# school + ?



## mrhnau (May 22, 2006)

One thing I've seen with alot of martial arts stores/locations is that alot of the time there are no classes going on during the day. Some of the sites I've seen only have classes starting at 5 or 6 in the evening. If you are a propriater, do you attempt to do something in the down time? Or, if this is your full time job, how do you keep classes going all day long, or are you making enough to where there is no need to do so?

I guess I just see so much floor space sitting there unused for so many hours a day, and I've been wondering how groups deal with it...


----------



## Rick Wade (May 22, 2006)

Easy bring in a yoga instructor or a arobics instructor and let them rent out floor space.  during the day  you should be hitting the groups up like rotary and the dirent lodges as well as boy scouts and girl scouts to do a quick 1 hour seminar/speaking engaement.  

When you can't teach because people are working let some one rent your space.  While they are renting your space work on getting new business.

You can run a class during lunch time though.

V/R

Rick


----------



## Old Fat Kenpoka (May 22, 2006)

I suggest turning part of your school into a cafe.   That way, hungry passersby can watch and become interested in martial arts training.  And, exhausted and thirsty students can spend money refreshing themselves after class.   You could even have a frequent diner card and offer a free lesson after 10 latte's.


----------



## Zoran (May 23, 2006)

I wrote a short article about this.



> Many school owners only use about 10-25% of their facility's time slots. To increase revenue, many owners have opted to change their system to accommodate more people. Such as making their system more friendly and easier to gain rank, such as black belt. They then wonder why some martial artists are calling their school a McDojo.
> 
> *How a McDojo is Born*
> First, let&#8217;s look at why this happens. When you open a martial arts school, you are only attracting a very small percentage of the local population. Let&#8217;s face it, not many people wish to be in the martial arts for various reasons. Even with those that wish to try a martial art, many will not wish to apply themselves to the necessary discipline and physical/mental hardships that most martial arts system require. So what happens is the school owner will change their system to allow more people to join and stay interested. After a time, a McDojo is born.
> ...


----------



## Old Fat Kenpoka (May 23, 2006)

Zoran said:
			
		

> I wrote a short article about this.


 
What?  No Latte's?


----------



## TigerWoman (May 23, 2006)

I teach a 8AM TKD class for women.  There is a M-W-F noon class--mostly black belts and upper rank now.  Then at 2:30 is the 4-5 yr. olds, then two more kids classes.  Then there is a women's kickboxing class at 5:30PM T-Th. then a regular TKD family class every night of the week, and on Fridays, a BB class late 8PM. So the only time is in the mornings and an hour in the early afternoon.  If you have daycare you can fill those classes, but otherwise not.  TW


----------



## stickarts (May 23, 2006)

We haven't gotten many calls from people interested in day classes over the years and in our situation we couldn't easily cover them either. It is a shame to have the down time for space that we are paying for. It has been difficult to find someone to sublet to that would also be a good fit for what we do here.
To fill the space during the down time would be a great way to help pay the bills and bring more traffic through the school.


----------



## Zoran (May 23, 2006)

Old Fat Kenpoka said:
			
		

> What?  No Latte's?


How about a martial arts bookstore/cofee shop. Where you can watch a martial arts class as you sip your coffee and read your favorite MA book or magazine.


----------



## bushidomartialarts (May 24, 2006)

when i'm rich and famous, i'll have a coffe shop/bookshop next door to my dojo.  the shop will have several comfy couches and closed-circuit tv monitors showing what's going on in class on the other side.
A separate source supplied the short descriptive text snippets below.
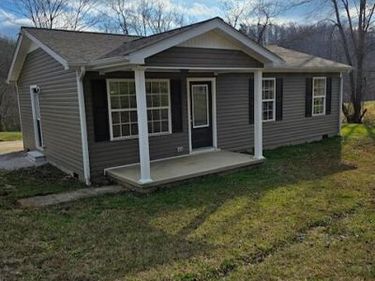 1735 Robinson Creek Road, Manchester, KY 40962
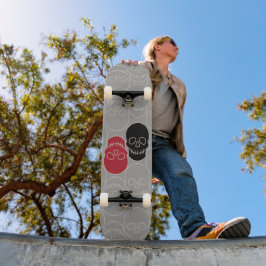 Skateboard Calaveras - Gris fantasma y blanco óseo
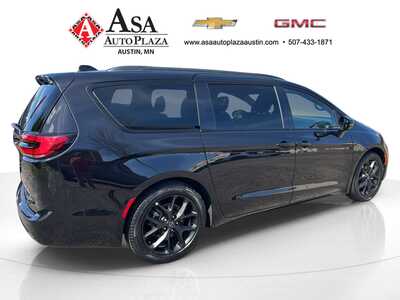 2025 Chrysler Pacifica, $36650. Photo 8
provides a good service, a comfy waiting space, extra income and a way to keep the parents off the sidelines.


----------



## Old Fat Kenpoka (May 24, 2006)

Zoran said:
			
		

> How about a martial arts bookstore/cofee shop. Where you can watch a martial arts class as you sip your coffee and read your favorite MA book or magazine.


 
Good idea...but... then Barnes & Noble and Borders will take over...  And we will all be in big trouble when they open a Tae Kwon Do section between their coffee shop and the kids books...


----------